This repository provides the datasets and codes associated with the following research article:
Sudharsan Vijayaraghavan, Akshaya Lakshminarayanan, Naman Bhargava, Janani Ravichandran, R.P. Vivek-Ananth*, Areejit Samal*,
Machine learning models for prediction of xenobiotic chemicals with high propensity to transfer into human milk,
ACS Omega, 9(11):13006-13016, 2024.
(* Corresponding authors)
Dataset - This folder contains the train, (internal) test, and external test dataset used in this study
Models
├── Classification - Codes used for classification models
├── Regression - Codes used for Regression models
ReadMe.md - Contains project and dataset description, along with steps to run the codes.
To build the machine learning models, we leveraged a curated dataset of 375 chemicals with experimentally determined M/P ratios compiled from Vasios et al. (PMID: 27573378) and other published literature. For each chemical in this dataset, we obtained the 2D structure, generated the 3D structure, and computed 1875 molecular descriptors using PaDEL. We evaluated the generalizability of our best classification models by leveraging an external test dataset, comprising 202 chemicals, with high risk of transfer from maternal plasma to human milk.

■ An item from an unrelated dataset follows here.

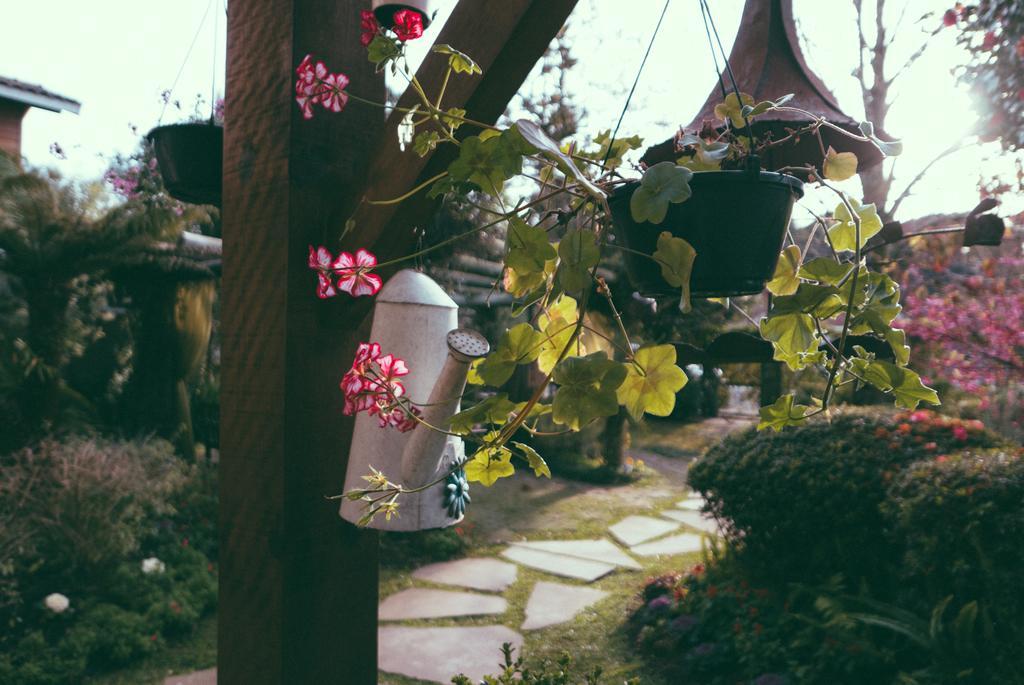 Jardim Secreto 3* Gramado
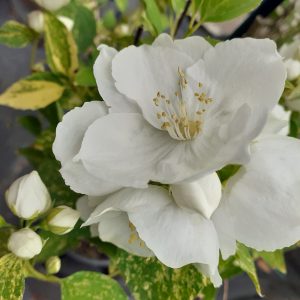 Philadelphus 'Innocence'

- train.csv - Training data
- test.csv - (Internal) test data
- external_test_dataset.csv - External test dataset
The codes in this repository enable the reproduction of the results present in the manuscript to predict xenobiotic chemicals with a high propensity to transfer from maternal plasma to human milk. The code provided for the five models corresponding to the five different classification algorithms and three models corresponding to three different regression algorithms performs end-to-end processing of the data including the feature pre-processing, feature selection, hyperparameter tuning, training, and evaluation of the models.
Classification-
- svm.py - Python code to train and evaluate Support Vector Machine model.
- xg_boost.py - Python code to train and evaluate XGBoost model.
- lda.py - Python code to train and evaluate Linear Discriminant Analysis model.
- mlp.py - Python code to train and evaluate Multi Layer Perceptron model.
- randomforest.py - Python code to train and evaluate Random Forest model.
- external_set.py - Python code for evaluating the model on the external test dataset after applying domain of applicability.
Regression-
- svm.py - Python code to train and evaluate Support Vector Machine model.
- xgboost.py - Python code to train and evaluate Xgboost models.
- randomforest.py - Python code to train and evaluate Random Forest model.
- classification_based_regression.py - Python code to evaluate the classification based on the regression model on the (internal) test set.
- external_set.py - Python code for evaluating the classification based on regression model on the external test dataset after applying domain of applicability.
- Use the following command to download all the required dependencies.
pip3 install -r requirements.txt
- Commands to run python code for classification and regression tasks.
python3 <path to python file> < # of top features to be considered>
- Commands to run external set and classification based on regression.
python3 <path to python file> <path to result folder>
In case you use the codes herein, please cite the following research article:
Sudharsan Vijayaraghavan, Akshaya Lakshminarayanan, Naman Bhargava, Janani Ravichandran, R.P. Vivek-Ananth*, Areejit Samal*, Machine learning models for prediction of xenobiotic chemicals with high propensity to transfer into human milk, ACS Omega, 9(11):13006-13016, 2024.